污染影响下的辐射估算及演变规律

Anthropogenic aerosols are increasingly released into the atmosphere by human activities, which in turn gradually modify the energy flows in the climate system. A significant decline in surface solar radiation (SSR) was observed worldwide since the 1950s (termed “global dimming”), which then transitioned to increase since the late 1980s (“global brightening”). These findings are based on radiation measurements on the ground, which are also of key importance for the evaluation of the surface radiation budgets derived from remote sensing and from climate models. However, the spatial and temporal coverage with these measurements is not satisfactory for an adequate representation of these flux fields. Sunshine duration (SD) with wider and longer observations has therefore been broadly used to estimate SSR. SD is measured when direct solar radiation (DSR) is of sufficient intensity (120 W m-2) to activate the recorder. Under polluted conditions, pollution driven declines in SSR may be ignored in the periods not recorded in SD due to insufficient DSR, which may eventually result in overestimating SSR from SD. This project, therefore, aims at revealing the magnitude and mechanism of pollution driven changes in SSR at diurnal cycle. Based on this, Angström-Prescott (A-P) model will be improved by incorporating a pollution-related dependency to infer an accurate estimation of SSR from SD under various pollution levels. With the adjusted A-P model, solar radiation climatologies as well as their temporal variations will be established from the widespread SD observations and air pollution information. This allows an unprecedented assessment of surface radiative fluxes and their changes particularly also in regions with no direct radiation measurements, and will improve our understanding of the roles of solar radiation and air pollution in climate change, hydrological cycle and plant growth.

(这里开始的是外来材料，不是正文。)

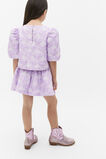 Heart Top  Bright Orchid  hi-res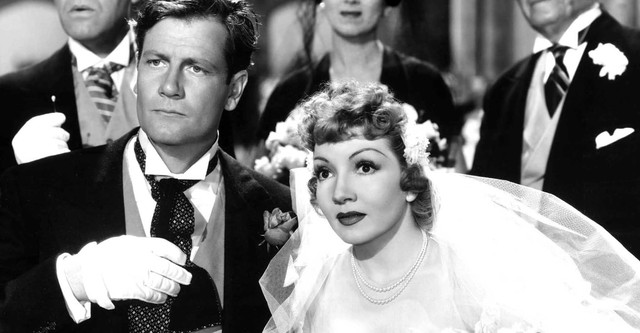 Ritrovarsi film dove guardare streaming online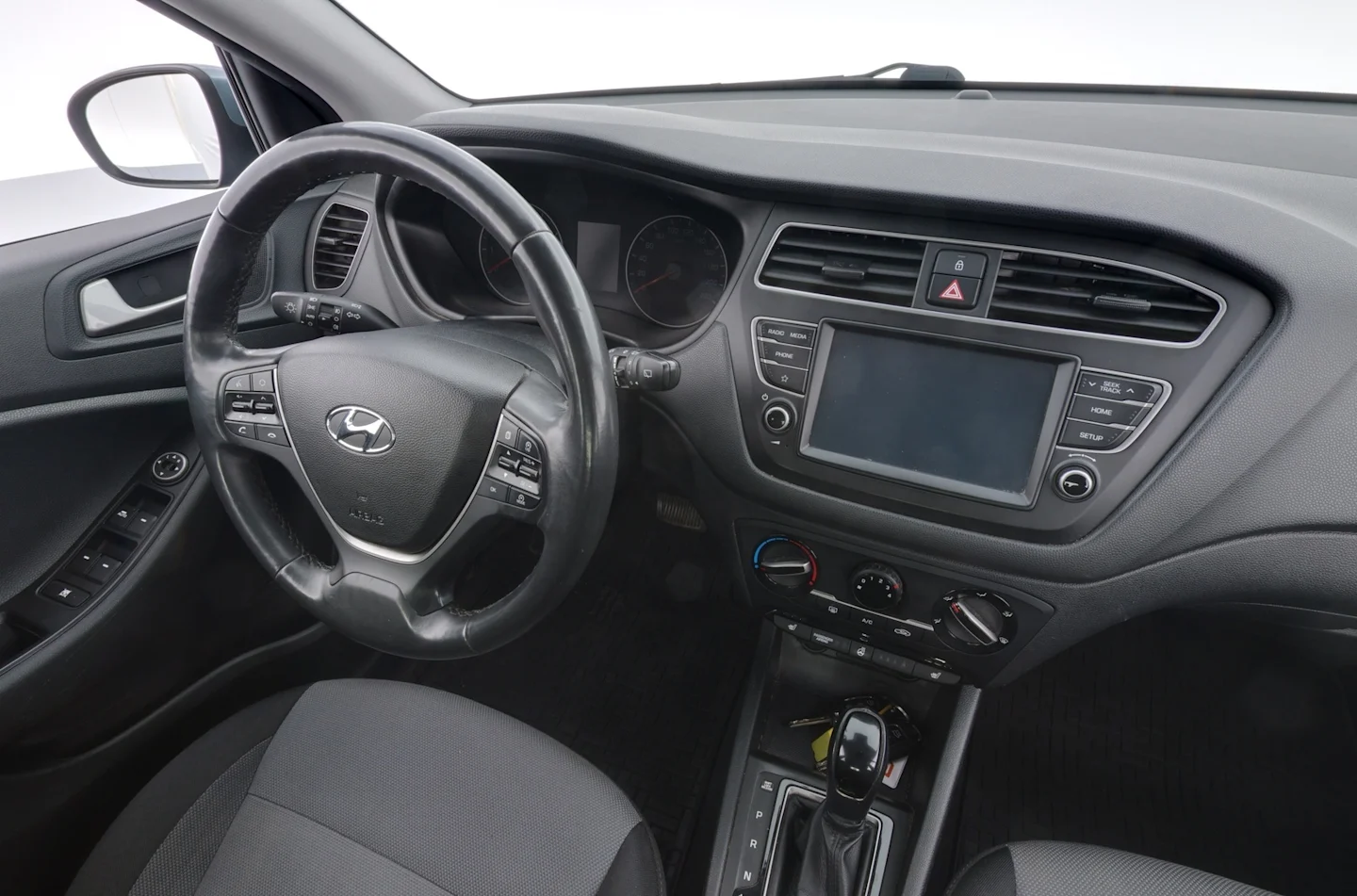 Car Image - 3H7vDFZIAHGCQvPxfAGAeS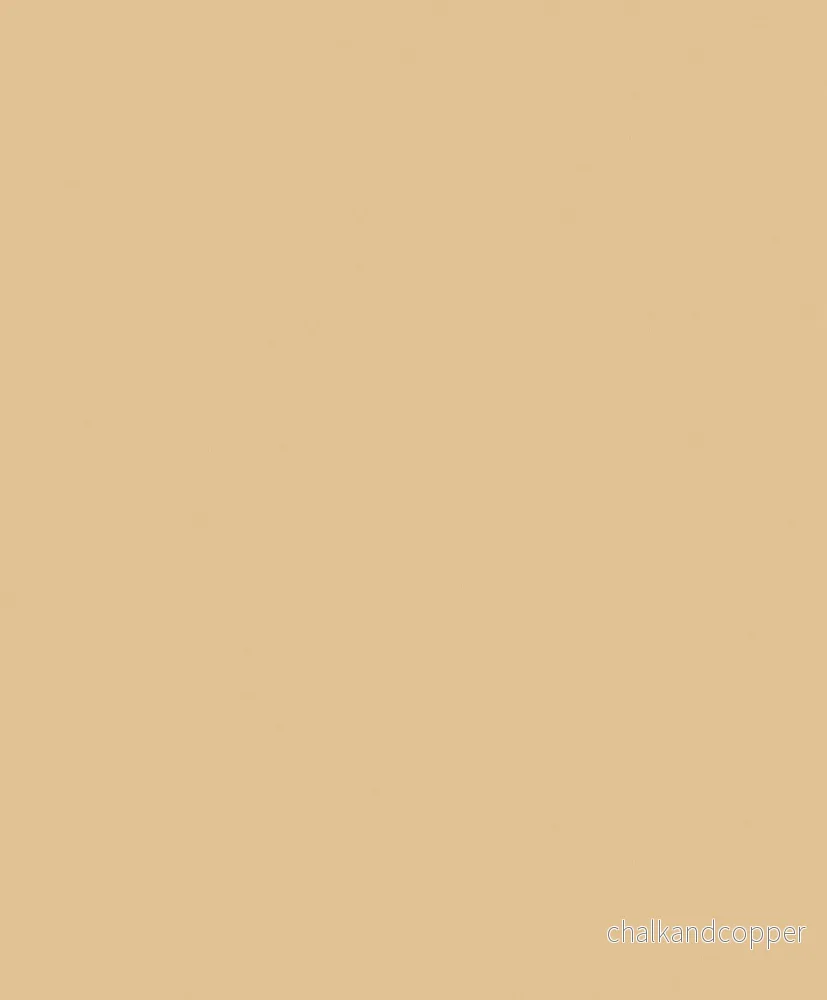 Tapet Fiona Nordic Elegance Goosebumps Tapet Fiona Nordic Elegance Goosebumps
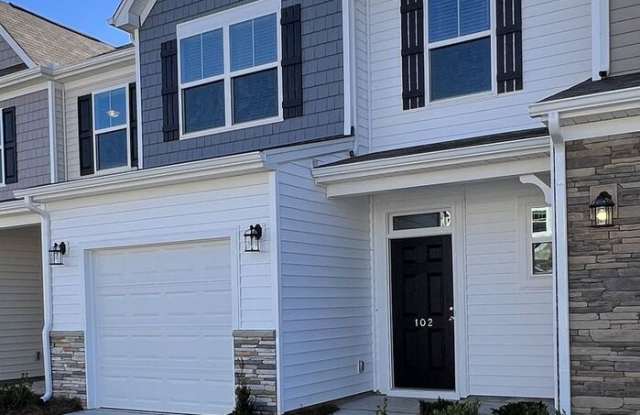 102 Arbor Trail photos photos 102 Arbor Trail photos photos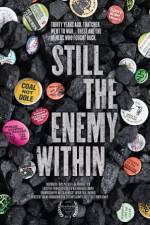 Watch Still the Enemy Within Tvmuse
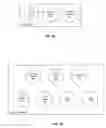 Fig. 12 - Viewing digital slides
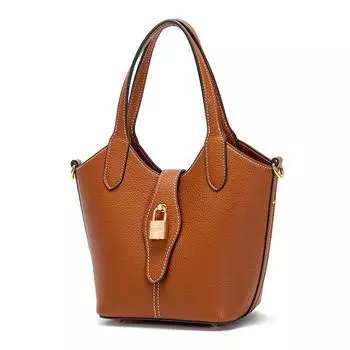 Плетеная сумка на одно плечо Premium Feeling Classic Temperament Retro Handb Женская сумка Crossbody Высококачественная сумка для поездок на работу розы красного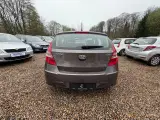 Hyundai i30 1,6 CRDi 90 Classic Eco - 4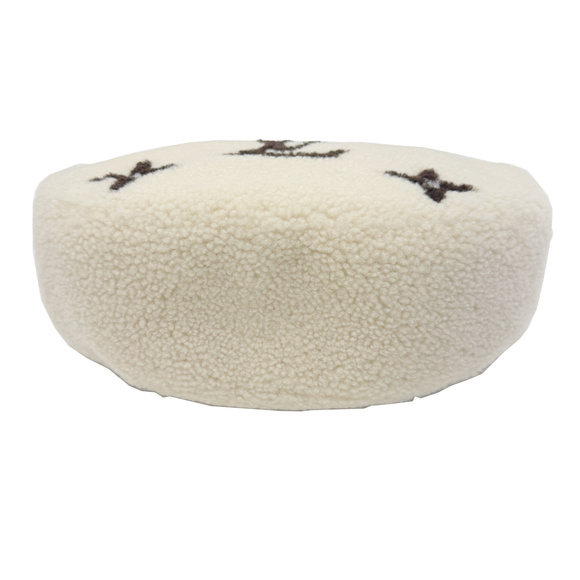 LOUIS VUITTON LV SKI Over the Moon Chain Bag Monogram Giant - Picture 3 of 8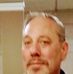 Scott Shifter - Facebook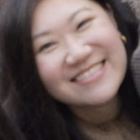 Profilbild für Agnes T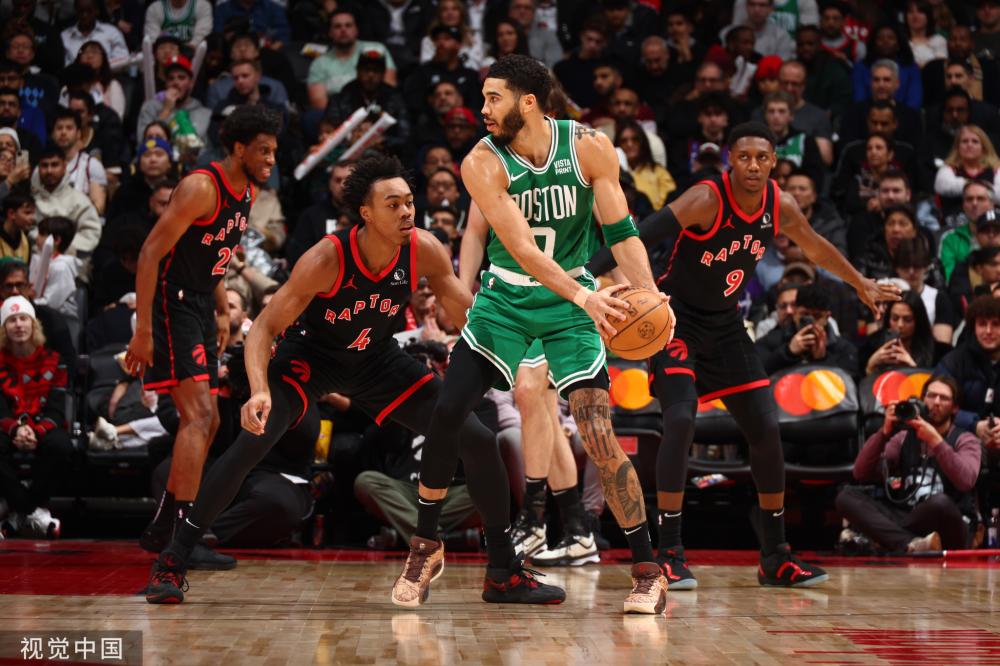 能解决东契 能解决东契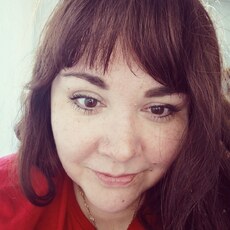 Римма, 35, Красавино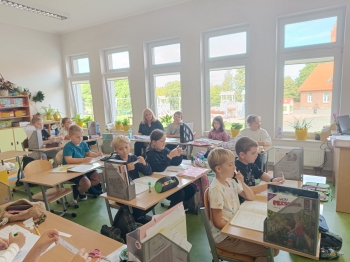 547366493_1390066919790655_7445756068137879496_n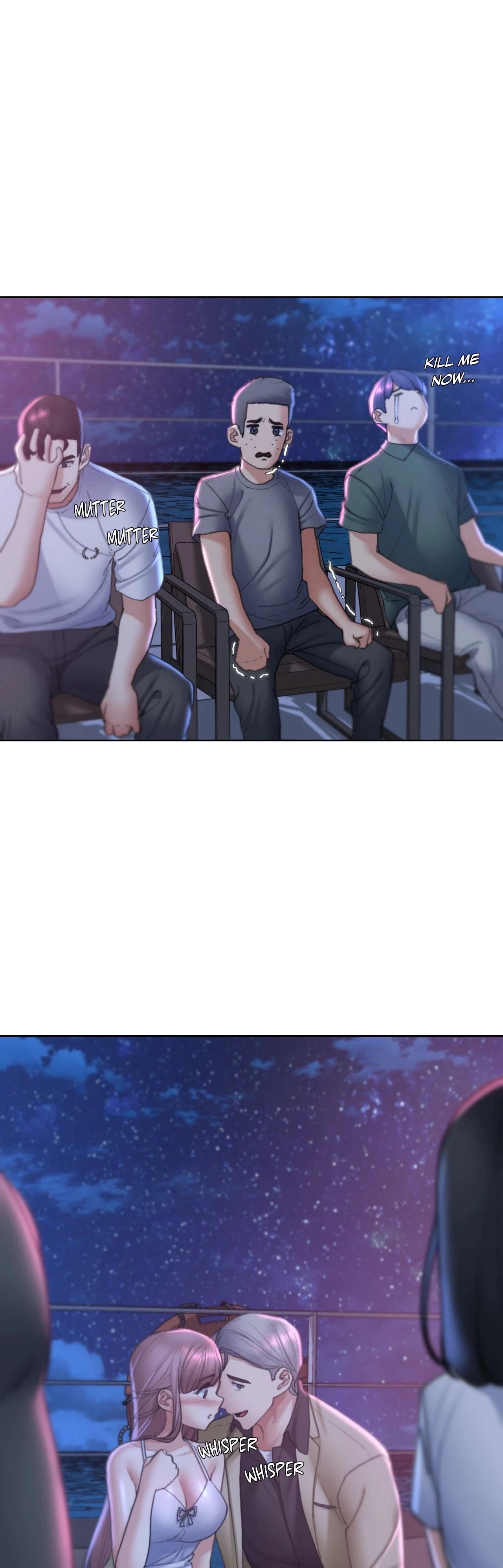 Chapter 17, page 8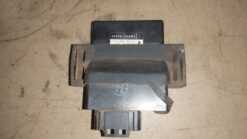 2017 Suzuki King Quad 750 -LT-A750X AXI Control Unit ECU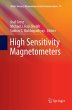 High Sensitivity Magnetometers - Bild 1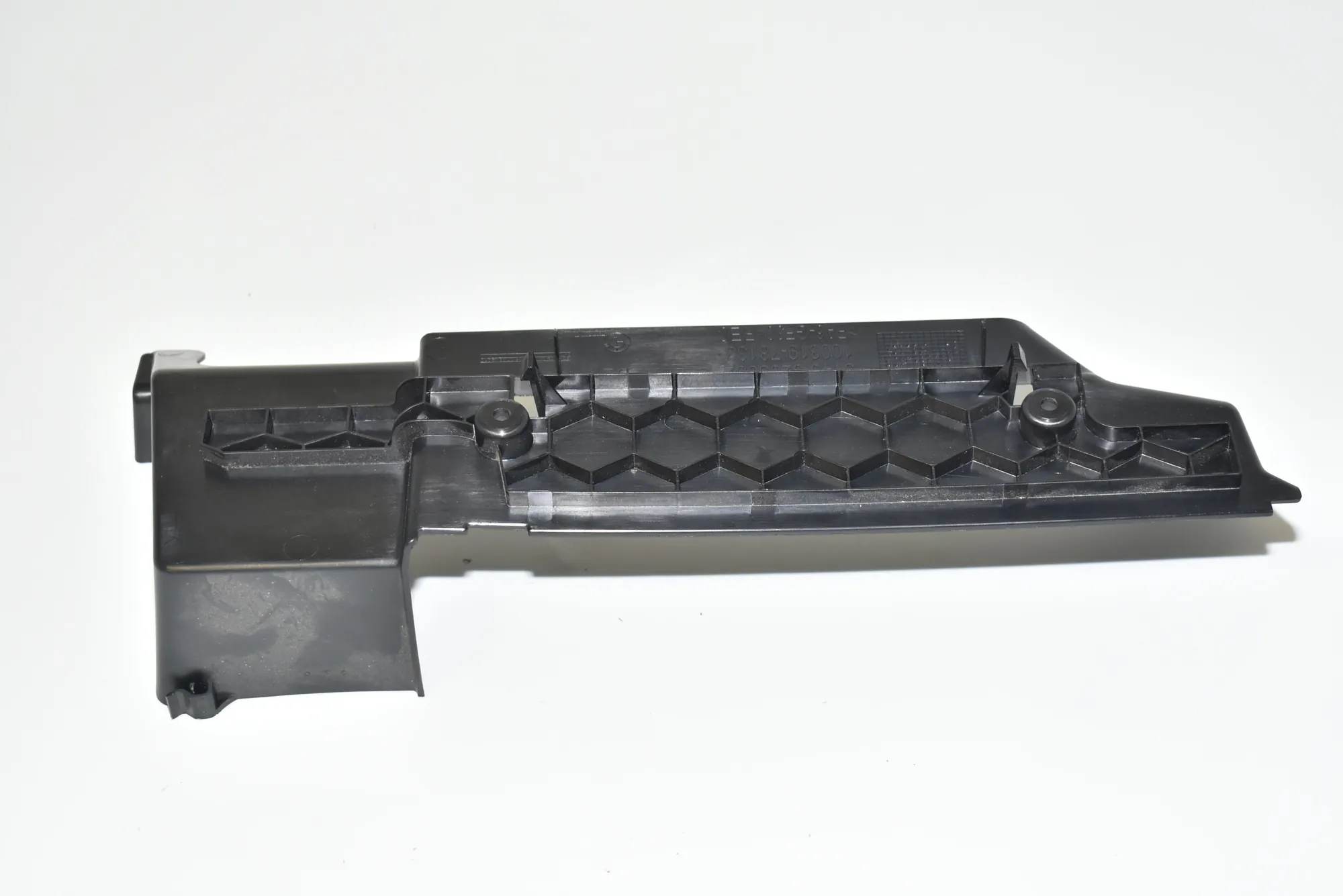Other Interior Parts – OEM 9283032 · BMW i3 (I01) Electric 2019 – 3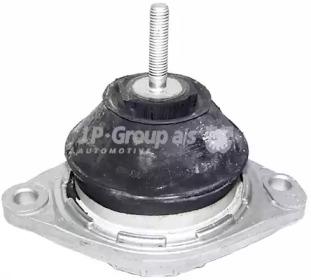 Jp Group 1117910680 Insulator engine mounting Jp Group 1117910680 Insulator engine mounting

大气中增多的污染物/气溶胶正在影响着地球的能量收支。自上世纪50年代以来，到达地表的太阳辐射经历了由下降到上升的演变趋势，即著名的“全球变暗/变亮现象”。这一重要发现基于地面观测数据，是评估遥感观测和模型模拟手段的基础。由于辐射的地面观测具有一定的时空局限性，因此日照时数常被用来估算辐射。在污染的情况下，利用日照时数估算辐射会忽略不被日照计记录的时段（直接辐射强度<120 W m-2）污染引发的辐射的下降，从而高估辐射量。因此本研究致力于揭示一天内各时段污染驱动辐射变化的规律及物理机制，并依此添加与污染有关的系数公式校正Angström-Prescott模型以实现不同污染情况下利用日照时数对太阳辐射的准确估算。借此可实现对辐射数据的时空拓展，并在包括无辐射直接地面观测地区建立辐射的气候学特征及时空变化规律，这对理解污染和辐射在气候变化、水循环及作物生长中的作用具有重要的科学意义和应用价值。

人类活动正在通过排放气溶胶影响着大气环境及地球能量收支平衡。本研究通过对比全国172对城市及临近县日照时数的变化情况发现，我国城市的光照变暗速率是乡村的1.5倍。与城市化发展相关的大气污染驱动的光照变暗主要发生在80年代前，随后我国太阳辐射趋于轻微回升。类似的现象现象广泛发生在全球大部分地区，形成著名的“全球变暗/变亮现象”。这一现象的发现主要基于地面观测数据，是评估遥感产品及模型模拟结果的基础。然而，我国太阳辐射的地面观测数据的时间序列在1990-1993年存在异常突增。本研究分析造成这一突变的原因1/3是由于51个台站在这一时期的废弃或增设，另外2/3则是来自7个台站辐射的自然波动及16个站辐射非自然因素波动。在排除来自16个台站的非自然因素影响及51个不完整数据序列后，本研究重新建立了我国太阳辐射在全球变暗及变亮时期时空变化趋势。此外，地面观测数据具有观测台站数量少且空间分布不均匀的局限性。而遥感产品具有广泛的地域覆盖和高的空间分辨率可有效弥补地面观测数据的局限性。本研究通过评估CM SAF CLARA-A2和SARAH-E太阳辐射遥感产品的准确性和稳定性，提出了改善太阳辐射遥感产品在我国估算精度的方法及方向，其中正确表征我国气溶胶的气候学特征及变化尤为重要。遥感产品通过提高估算精度将可以在更广泛的空间范围再评估我国辐射的变暗/变亮现象，这对于太阳能利用、水资源调配及作物生产等均具有重要的科学意义和应用价值。